Task prompt
Would you write out each line of the material below exactly, skipping every picture?

Information shown
■ ■ ■ ■

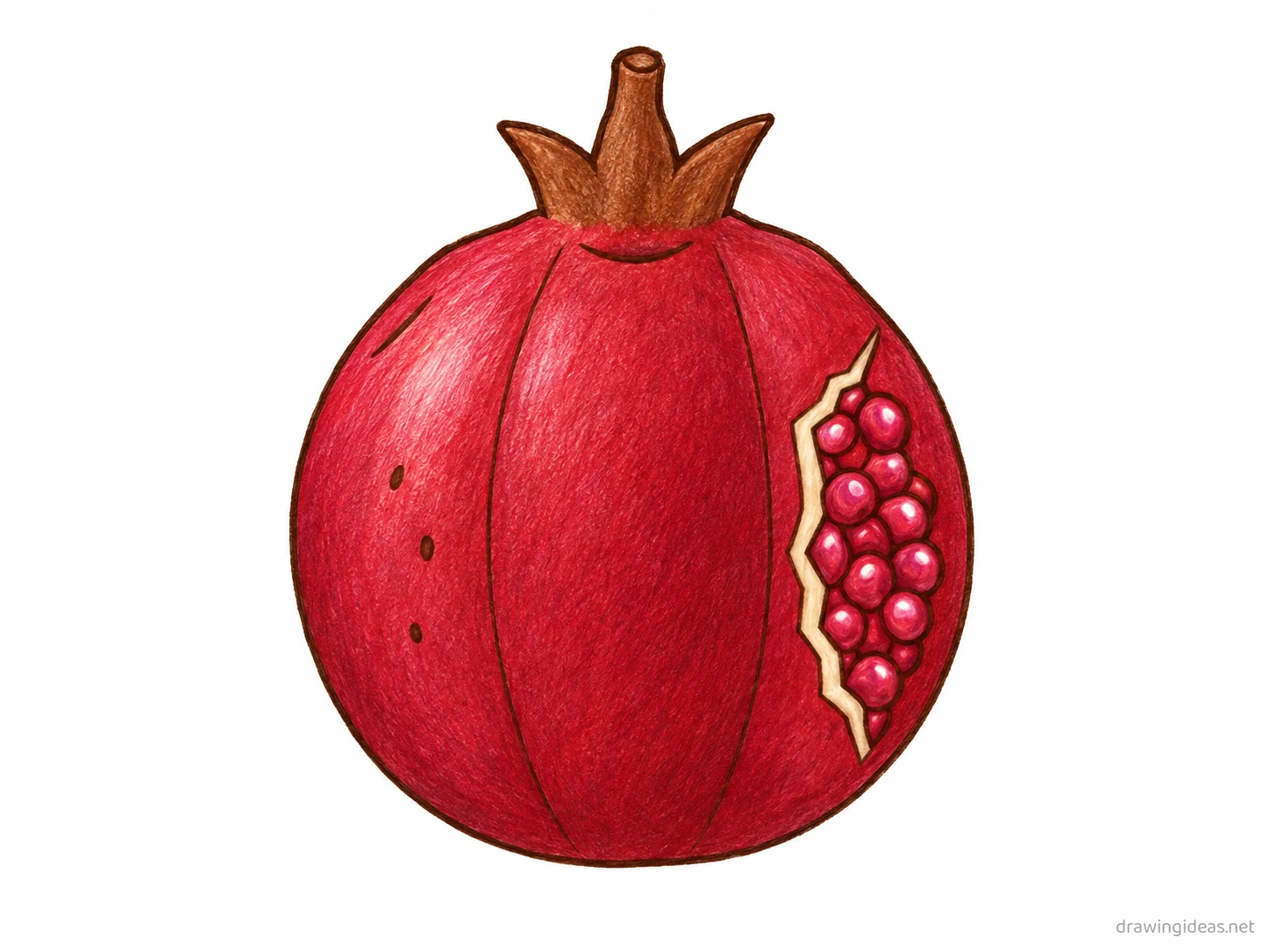 Pomegranate drawing — hand-drawn pomegranate illustration with ink lines and soft colors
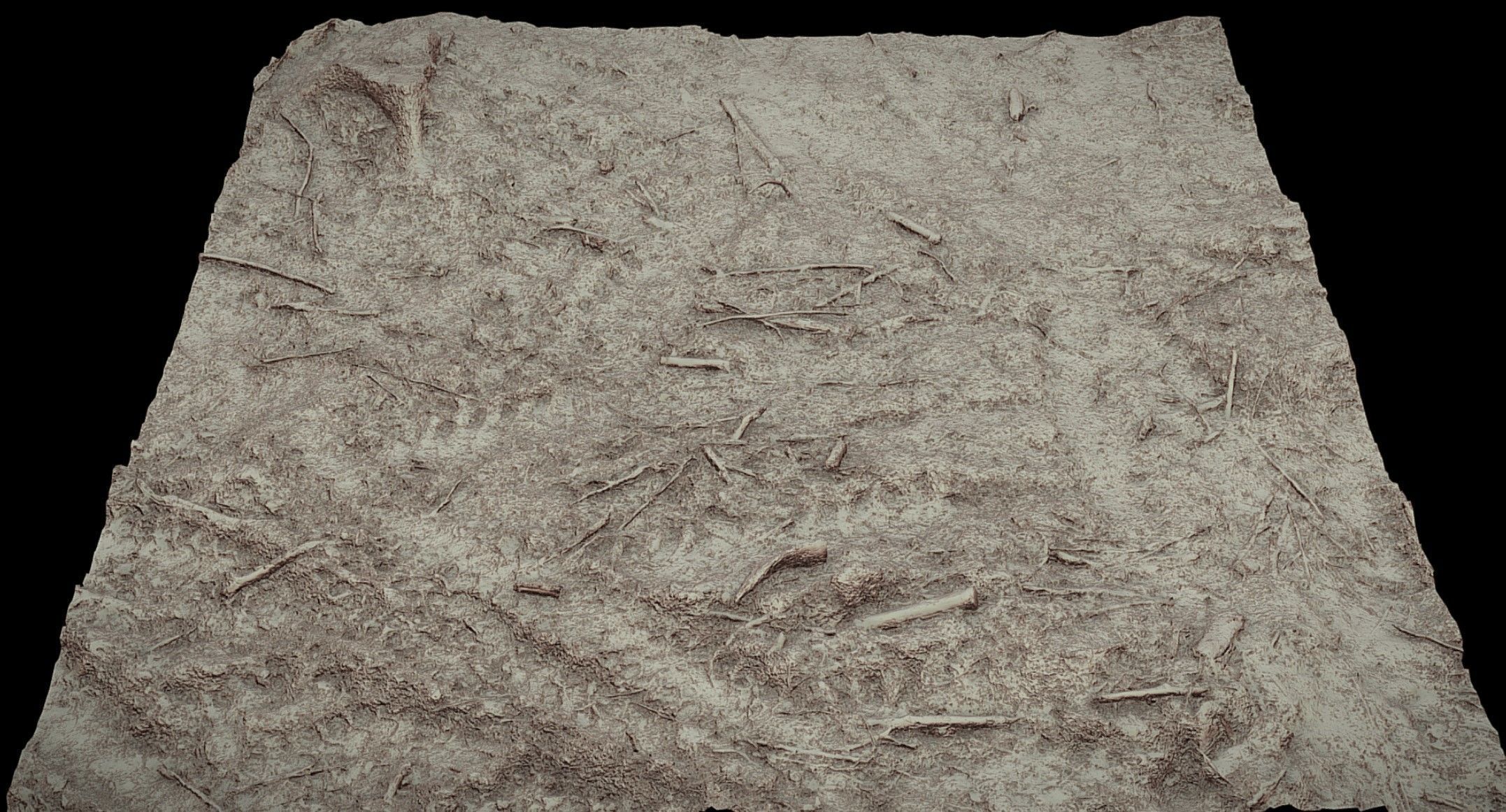 forest burned ground tree debris photogrammetry Low-poly 3D model_3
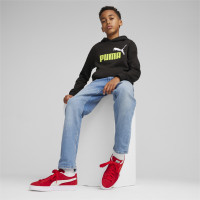 PUMA Essentials+ 2 College Big Logo Fleece Sweat à Capuche Enfants Noir Vert Clair Blanc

■ ■ ■ ■

Expected output
 Pomegranate drawing — hand-drawn pomegranate illustration with ink lines and soft colors
 forest burned ground tree debris photogrammetry Low-poly 3D model_3
 PUMA Essentials+ 2 College Big Logo Fleece Sweat à Capuche Enfants Noir Vert Clair Blanc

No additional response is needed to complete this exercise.